Though Jinnah had been laid to rest on 9/11 way back in 1948, just about a year after creating a state, a nation and a lot many problems in his part of the world, it is his views and his thoughts, which strictly contradict his actions that are rousing rubbles even half a century after his death.
Firstly to start off with, Jinnah was a staunch supporter of Hindu-Muslim unity at the outset of his political life, even going to the extent of vigorously opposing the Khilafat Movement and Gandhi’s support for it. Then after a short lived sabbatical from active politics, he was persuaded to revive the Muslim league in India working upon which he went further to formulate a two nation theory and demand a separate state for Muslims.
Jinnah took many secrets to his grave, and among them is the reason behind the transformation of this Indian nationalist leader of Islamic origin to this Islamic nationalist of Indian origin in just about a couple of decades. Indians, I feel, are good in the business of blame- game, for eg. When a train derails, the opposition blames the government…when a draught occurs, we blame the rain god…..when terrorists strike, we blame a neighboring country….when we lose a cricket match, we blame the pitch curator….so it is really foolish to think that we can remain by not blaming anyone for a tragedy of the magnitude of partition. The history books have found whom to demonize and whom to point fingers towards as the sole person responsible for partition and all the riots and losses that followed it. However, the water isn’t as blue as it is painted to be.
It has a lot many layers of colors which need to be unearthed. I seriously believe that by bringing out this topic from the dead time and again, firstly Advani and now his ex-party colleague Jaswant Singh, are trying to get rid of that guilt which has accumulated over repeated reading of these one-sided history books. However, the reactions they received from pro-hindutva parties, which I find a lot similar to Pakistan as a state…as both are created on the same plane of thought…trying to create something new…by destroying the already existing one….in the name of religion, and hence, the extreme reaction from the party to Advani’s and Singh’s comments, that we saw.
Now one question which comes to my mind is, do we call Advani and K S Sudarshan (RSS) “nationalist hindus” or “hindu nationalists”?? So it will be really unfair to ask Jinnah or any other muslim for that matter the most common question, “Indian first or muslim first”?? However, I do feel that Jinnah was deeply committed to his identity as an Indian as well as the Islamic side of his being. At no time was he unmindful of the one while espousing the cause of the other.

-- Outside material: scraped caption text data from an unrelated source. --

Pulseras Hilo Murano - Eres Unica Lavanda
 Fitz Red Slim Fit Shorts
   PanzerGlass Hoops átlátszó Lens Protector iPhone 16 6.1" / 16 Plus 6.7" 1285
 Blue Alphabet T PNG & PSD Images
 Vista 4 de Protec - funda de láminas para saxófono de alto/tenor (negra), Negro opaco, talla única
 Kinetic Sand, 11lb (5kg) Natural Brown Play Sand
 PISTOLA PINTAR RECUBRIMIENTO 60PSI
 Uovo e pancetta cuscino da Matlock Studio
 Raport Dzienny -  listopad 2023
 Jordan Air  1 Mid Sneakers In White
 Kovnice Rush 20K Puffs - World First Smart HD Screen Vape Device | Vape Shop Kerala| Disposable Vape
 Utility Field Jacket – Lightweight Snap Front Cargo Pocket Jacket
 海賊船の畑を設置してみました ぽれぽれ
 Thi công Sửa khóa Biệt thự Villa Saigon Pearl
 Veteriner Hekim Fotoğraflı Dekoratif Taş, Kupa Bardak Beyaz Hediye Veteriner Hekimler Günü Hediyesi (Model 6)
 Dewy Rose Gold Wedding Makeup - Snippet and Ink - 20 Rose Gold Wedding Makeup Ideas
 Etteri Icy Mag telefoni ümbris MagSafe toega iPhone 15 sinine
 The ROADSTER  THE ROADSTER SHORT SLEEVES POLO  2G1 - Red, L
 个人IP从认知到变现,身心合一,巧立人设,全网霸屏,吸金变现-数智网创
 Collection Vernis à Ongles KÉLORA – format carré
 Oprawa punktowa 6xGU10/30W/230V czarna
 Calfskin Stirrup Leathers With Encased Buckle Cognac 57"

In the end I would like to say that, it is really not important to debate and fight over jinnah’s secular credentials because what he has done can’t be undone even if we prove that he was a staunch secular.
It is a reality that India and Pakistan are two separate nations today. It can’t be changed, unless in the third world war, one takes over the other, which is only as likely as Trinidad and Tobago getting a permanent security council seat in the UN, with no offence to their sovereignty. The questions that we need to ask ourselves are, how secular are we? Are we following the secular character which has been highlighted time and again in our constitution? Are we making our country a better place to live in for world’s second largest Muslim population? Or Are we in the process of creating many more Jinnahs amongst us?